Le cinéaste trouvait que les femmes avaient trop souvent le mauvais rôle dans ces écrits sacrés et souhaitait avec ce film leur rendre justice, les libérer d’une certaine culpabilité. 4 histoires, aux durées variables, se succèdent, confrontant hommes et femmes dans une sorte de ballet, parfaitement chorégraphié, avec entre autres des musiques signées Vivaldi ou Tchaikovski.

Tout commence par un homme. Adam sort de sa caverne et avance vers la mer, l’Eden. Plongés dans une atmosphère bucolique, nous assistons, émerveillés, à sa rencontre avec Eve. La première femme, le premier baiser, les premières caresses, le premier plaisir charnel. Wakefield Poole omet volontairement toute faute, toute conséquence : l’acte sexuel est ici beau et pur. Moment suspendu.

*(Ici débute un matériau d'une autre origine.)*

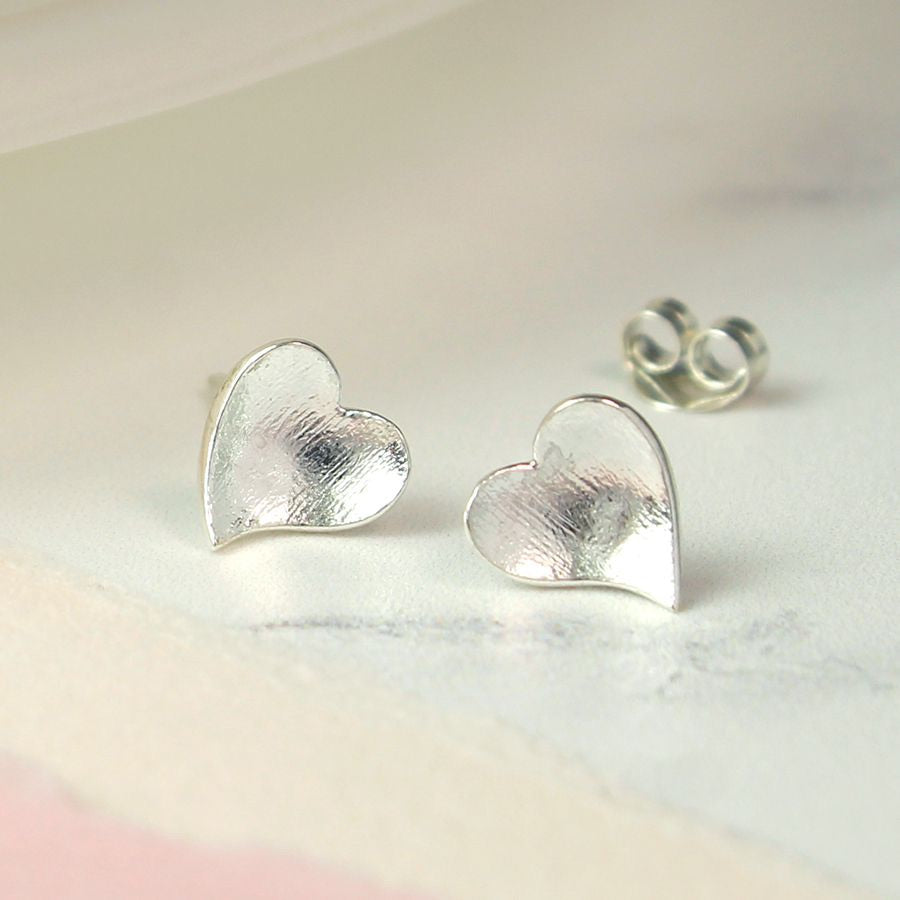 Sterling Silver Concave Heart Earrings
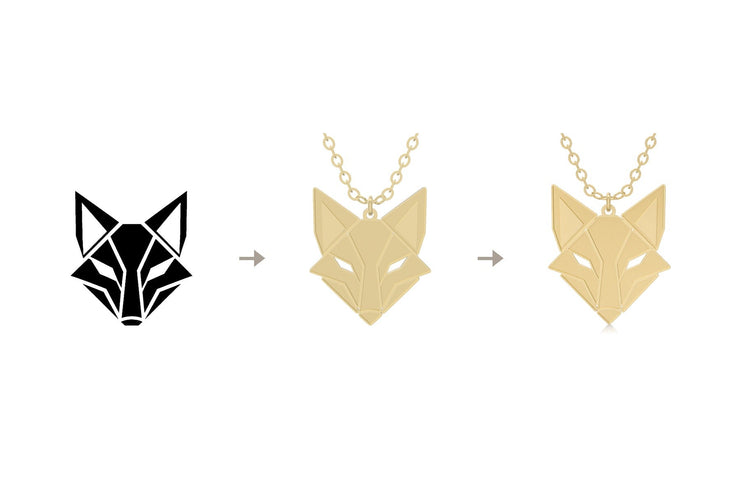 From your logo to a necklace — a fox logo, its 3D preview, and the finished gold pendant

Succède à cette ouverture enchanteresse le segment de Bethsabée, incarnée par la fabuleuse Georgina Spelvin (l’inoubliable héroïne du classique x hétéro Devil in Miss Jones). Dans sa belle demeure, à l’autre bout de la table de la salle à manger, cachée derrière les multiples mets, elle tente d’attirer l’attention de son mari de soldat. Mais celui-ci ne la remarque jamais et n’a d’yeux que pour une danseuse qui lui offre un numéro dès qu’il la sonne. Bethsabée tente comme elle peut de se mettre en avant et la scène devient hilarante tant elle se ridiculise malgré elle. Poole joue avec brio du burlesque. Précisons que tout le long-métrage est muet, n’est fait que de son, de musique, rendant toute leur puissance aux images. On retrouve avec ce segment ce qui pouvait faire le sel des films muets. Sauf qu’ici la dimension burlesque voulue se mêle à un érotisme revendiqué. Alors que le soldat part vaquer à ses occupations, Bethsabée remarque qu’un autre homme (qui est sensé être le roi David) est en train de l’observer. D’abord choquée, puis flattée, elle s’offre à son regard, se baignant nue avant de paniquer, son mari pouvant revenir d’une minute à l’autre. Péripéties bourrées de drôlerie, charme de Georgina Spelvin, danse maladroite des corps, couleurs somptueuses : tout y est.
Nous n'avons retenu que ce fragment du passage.